From Foursquare: "Many products are now integrating check-ins and tools for local merchants, and we welcome new entrants to the space. As the market leader among location-based services, we feel we're driving innovation in this area by offering a more engaging experience for users and business owners on top of the check-in. We're currently receiving over 1.5 million check-ins per day, and we've added over 1 million users in the past six weeks. We already have tens of thousands of active specials running our platform, and soon we'll be rolling out some new features that will make it even easier for businesses and brands to connect with customers and reward loyalty."
Foursquare may be growing, but it still only has between four to five million users. Compare that to the 500 million people on Facebook, 200 million of which use its mobile application. If you’re a national brand trying to connect with customers, which network is likely to deliver the impact you're looking for? And while Groupon might coexist with Facebook, if you’re a harried Mom-and-Pop shop trying to make sense of this brave new social-mobile world, and this Facebook thing that you’re already using lets you create an offer on a single, easy-to-use page, are you really going to take the time to figure out that Groupon thing your nephew told you about?

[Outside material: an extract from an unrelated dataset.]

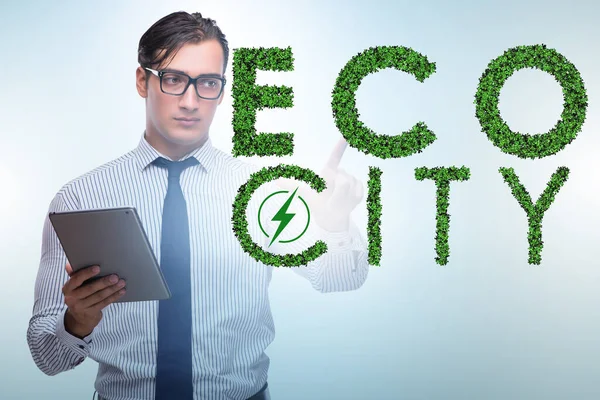 Ökocitás ökológia koncepció üzletemberrel — Stock Fotó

On the other hand, Facebook’s implementation of Deals is cruder than similar offerings from Foursquare and Groupon. Which points to the opportunity for the smaller companies. Their long-term sustainability will probably rest on the same thing that enabled the Mac to survive in a PC world: A decision to eschew the urge to be everything to everybody and instead to focus on a customer segment they will always be able to serve better than the big boy. And then to design an offering for that segment that is so vastly superior to the big boy’s that customers in that segment will happily sacrifice the big boy’s reach and convenience for the value brought to the table by the smaller competitor.